The $2.8 Trillion ‘Economy’ You Can’t See
The world economy is constantly on the move. Emerging countries struggle to shift into consumer-driven industries, while developed countries continue to push the boundaries of new technology. And if there’s one thing that’s become clear over the past few years, it’s this: Data is big business.
The globalization of data accounted for $2.8 trillion of the world’s GDP in 2014, and it’s the result of an astronomical rise in technology. That’s good for a 10.1% rise in global GDP over 10 years. McKinsey & Co.’s report “Digital Globalization: The New Era Of Global Flows” says that “[data flow] is projected to increase by an additional nine times over the next five years as flows of information, searches, communication, video, transactions, and intracompany traffic continue to surge.”
#-ad_banner-#But what does that really mean?
Data flows include things like digital transactions, communications, digital information and networks. It’s a vast “economy” that doesn’t necessarily stand on its own, like, say global trade does. Physical goods are easy to understand. Someone wants to buy a widget, so they buy one from a company that makes widgets.
What the digital economy does is allow that customer to find that widget on the internet, pay with PayPal, and share his purchase with all his friends on Facebook. It also allows the company that makes the widgets to advertise, send emails to its customers, and connect with other widget investors to produce the next best widget…

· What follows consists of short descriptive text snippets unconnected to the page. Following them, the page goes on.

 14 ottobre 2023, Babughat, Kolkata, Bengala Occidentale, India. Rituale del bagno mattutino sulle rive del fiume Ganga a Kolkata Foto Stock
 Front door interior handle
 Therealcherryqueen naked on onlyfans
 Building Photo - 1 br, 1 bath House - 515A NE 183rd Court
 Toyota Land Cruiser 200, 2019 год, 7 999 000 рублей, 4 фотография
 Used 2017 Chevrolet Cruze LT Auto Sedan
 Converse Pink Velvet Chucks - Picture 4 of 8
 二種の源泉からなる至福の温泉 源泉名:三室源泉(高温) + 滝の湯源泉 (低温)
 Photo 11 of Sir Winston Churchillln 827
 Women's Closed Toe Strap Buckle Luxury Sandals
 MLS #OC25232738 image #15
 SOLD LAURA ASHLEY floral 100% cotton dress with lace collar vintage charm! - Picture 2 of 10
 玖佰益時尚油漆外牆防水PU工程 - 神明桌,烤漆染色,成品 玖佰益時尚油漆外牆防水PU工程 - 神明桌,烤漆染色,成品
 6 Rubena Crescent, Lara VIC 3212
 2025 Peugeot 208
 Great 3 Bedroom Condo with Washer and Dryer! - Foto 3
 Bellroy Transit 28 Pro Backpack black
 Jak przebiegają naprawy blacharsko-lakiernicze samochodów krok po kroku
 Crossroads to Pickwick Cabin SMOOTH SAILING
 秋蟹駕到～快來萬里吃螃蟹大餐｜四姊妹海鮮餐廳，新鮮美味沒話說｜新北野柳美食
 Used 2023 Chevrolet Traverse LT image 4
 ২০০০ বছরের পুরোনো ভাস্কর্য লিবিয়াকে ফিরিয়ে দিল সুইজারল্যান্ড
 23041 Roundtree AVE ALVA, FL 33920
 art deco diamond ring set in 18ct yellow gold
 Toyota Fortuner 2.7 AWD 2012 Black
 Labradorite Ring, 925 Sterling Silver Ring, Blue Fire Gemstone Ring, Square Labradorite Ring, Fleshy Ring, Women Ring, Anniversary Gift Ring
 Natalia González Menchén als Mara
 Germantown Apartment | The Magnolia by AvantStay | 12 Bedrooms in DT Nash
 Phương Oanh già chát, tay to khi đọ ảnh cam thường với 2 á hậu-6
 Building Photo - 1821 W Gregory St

The way that data flows work best economically is through enabling efficiency and productivity.
The Economics Of Data Flows
In 2014, the total GDP attributed to cross-border outflows was $7.8 trillion. This includes things like flows of goods and direct investment. Data flows accounted for $2.8 trillion of that figure, or nearly 36% of total outflows. That’s a bigger slice of the pie than trade, which accounted for $2.7 trillion of global GDP!
One of the reasons why the globalization of data is so valuable to the world economy is that it’s a two-way street.
Some may argue that trade is, too, but data flows are different. Because they enable efficiencies, productivity and direct connections between producers and consumers, data flows can increase the value of trade and investment.
In fact, impact of data flows become obvious when countries lag behind better connected economies. In other words, the rate of adoption of these technologies and capabilities has a direct impact on how fast this digital “economy” grows. McKinsey & Co. calculated that if India alone had increased its capabilities to produce the same level of data flows as those produced by the top 25 countries, it would have added another $1.2 trillion to the global economy between 2004 and 2014.
That in and of itself is an opportunity. Some countries that haven’t been as proactive in implementing digital improvements could see their GDP boosted by 50% once they get on the bandwagon, according to the McKinsey report.
Two Big Players In This Market
This surge in data flows is going to require huge amounts of investment in digital infrastructure, like servers, communication technologies and security.
There are two companies that fit into this trend nicely: Syntel, Inc. (Nasdaq: SYNT) and NCR Corporation (NYSE: NCR).
SYNT helps manage information technologies, applications, cloud and other IT infrastructures, and things like business process management. In essence they are in the business of enabling digital transformations.
NCR offers both products and services that customers interact with directly. Think ATMs and self-service kiosks, for example. If you’ve shopped at a Wal-Mart recently, you may have used one of this company’s self-checkout machines.
Both companies have a market cap in the $3-4 billion range, and both offer services to a number of different industries… But on key difference is that NCR focuses more on how to help companies interact with their customers while SYNT is focused on how to make businesses more productive and efficient. For the digital world, both spheres are very relevant to the digital economy. Here’s how both of these companies have performed over the past five years.
The next five years could be just as lucrative. Earnings reports show that over the past five years NCR had average annual earnings growth of 10.8%. SYNT has performed even better, with earnings growth of an average of 19.4% a year. Over the next five years, NCR and SYNT should see earnings grow by 13.3% and 15.0% a year respectively.
Risks To Consider: There’s a big difference between the few highly-connected countries and the majority of the rest of the world. And while this presents an amazing opportunity for growth in this space, it won’t be evenly dispersed, and could be affected by local economic factors, such as recessions, geopolitical concern, and other issues that impact investment.
Action To Take: Companies in the information technologies and services industry could offer opportunities. Both Syntel and NCR Corp. epitomize this massive digital growth. SYNT and NCR each expect to grow earnings by double digits every year for the next five years, though SYNT could see revenue climb at a higher rate than NCR.
Though past performance is not an indicator of future performance, I’d give the edge to SYNT over NCR. Analysts seem to think so, too, with a price target gain of 14.4% versus 4.6% for NCR.